Les régulateurs financiers manifestent une certaine préoccupation à l’égard des institutions financières dites non bancaires, ou IFNB. En tant que sources de financement ou prêteurs aux entreprises, ces acteurs constituent une alternative aux banques de plus en plus prisée, tout en échappant aux règles strictes qui s’appliquent à ces dernières. Les IFNB regroupent un large éventail de secteurs, allant des assureurs aux gestionnaires d’actifs en passant par les fonds de pension, les family offices et les sociétés de capital-investissement.

« Même risque, même réglementation »

« L’importance des IFNB ne fera que croître dans les années à venir, au sein de l’Union des marchés de capitaux que l’UE souhaite mettre en place. Dans un scénario idéal, ces acteurs joueraient un rôle complémentaire à celui des banques et contribueraient à renforcer la stabilité financière. Cependant, leur interconnexion avec d’autres acteurs financiers, combinée à leur transparence moindre, engendre des risques macroprudentiels », a averti Francesco Mazzaferro, chef du secrétariat du CERS (Comité européen du risque systémique), lors d’un congrès à Bruxelles en début de semaine.

« Le principe de base devrait être le suivant : Même activité et même risque ? Alors, même réglementation. Or, ce n’est pas le cas aujourd’hui. Par exemple, les exigences de liquidités imposées aux banques diffèrent de celles qui s’appliquent aux assureurs. »
L’Italien appelle ainsi à « démystifier ces inconnus bien connus » en exigeant davantage de transparence de la part des IFNB, notamment en matière de liquidités. « Nous devrions envisager des obligations de reporting allant au-delà du cadre actuel », a-t-il déclaré en se référant spécifiquement au secteur de la gestion d’actifs.
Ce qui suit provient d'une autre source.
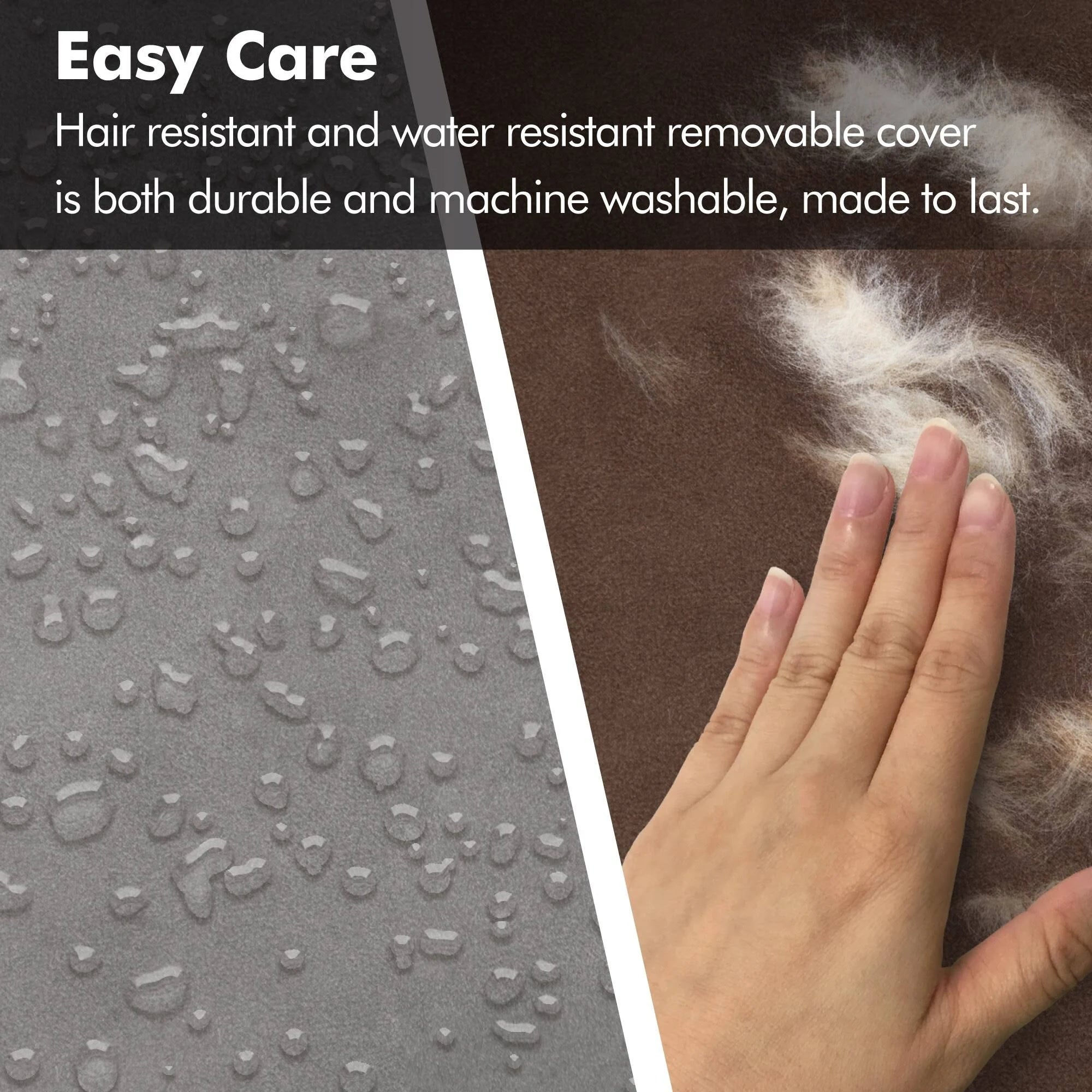 Friends Forever Chester Pet Couch with Solid Memory Foam - Pewter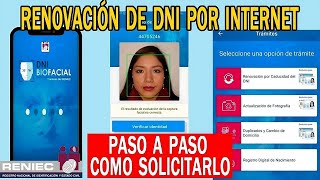 Renovación de DNI por Caducidad vía Internet 2024 desde TU CELULAR  ¿Cómo tramitar  RENIEC [upl. by Onnem]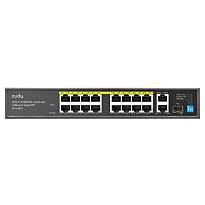 Cudy 16 Port Fast Ethernet PoE 190W 2 Gigabit 1SFP Switch | FS1018PS1
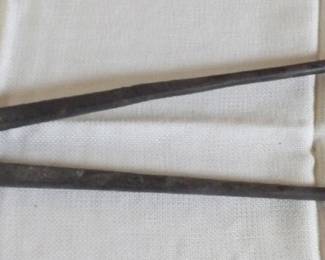 18th C. Hand Forged Coal or Pipe Tongs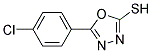 5-(4-CHLOROPHENYL)-1,3,4-OXADIAZOLE-2-THIOL 95+% Struktur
Le CERS, chargé de veiller à la stabilité du système financier en Europe, préconise également un renforcement des exigences de liquidité pour les fonds du marché monétaire (FMM), ces véhicules d’investissement très prisés qui permettent aux entreprises de placer leurs réserves à court terme. « Nous devons veiller à ce que les FMM soient capables de faire face à des conditions de marché difficiles », a déclaré Francesco Mazzaferro.

L’essor des IFNB et les risques macroéconomiques potentiels figurent également sur le radar de la Commission européenne. Un important cycle de consultations réunissant régulateurs, gouvernements et acteurs du secteur financier vient tout juste de s’achever. Reste maintenant à voir quelles conclusions politiques Maria Luis Albuquerque, la nouvelle commissaire européenne aux Services financiers et à l’Union de l’épargne et de l’investissement, en tirera.

Opposition

Lors du congrès à Bruxelles, organisé conjointement par le Forum financier belge et la plateforme européenne SUERF, les organisations sectorielles européennes concernées ont déjà exprimé une vive opposition à l’idée d’une éventuelle réglementation supplémentaire.
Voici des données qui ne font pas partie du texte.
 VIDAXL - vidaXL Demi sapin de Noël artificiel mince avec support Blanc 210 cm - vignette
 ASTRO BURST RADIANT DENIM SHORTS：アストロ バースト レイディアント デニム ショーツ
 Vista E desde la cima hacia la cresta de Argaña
« Nous trouvons la définition négative – « non bancaire » – très étrange. Une NBFI, cela n’existe pas. Les secteurs concernés ont chacun leur spécificité et doivent être abordés comme tels par les régulateurs », a déclaré Thea Utoft Høj Jensen, la nouvelle directrice générale d’Insurance Europe.

Le secteur de l’assurance estime que le cadre réglementaire spécifique à son domaine, Solvabilité II, est déjà suffisamment contraignant et qu’il n’est pas nécessaire d’y ajouter une réglementation générale applicable aux IFNB. « Le risque de liquidité dans le secteur de l’assurance est déjà sous surveillance et constitue rarement un problème, grâce au modèle économique spécifique aux assurances », a argumenté Thea Utoft Høj Jensen.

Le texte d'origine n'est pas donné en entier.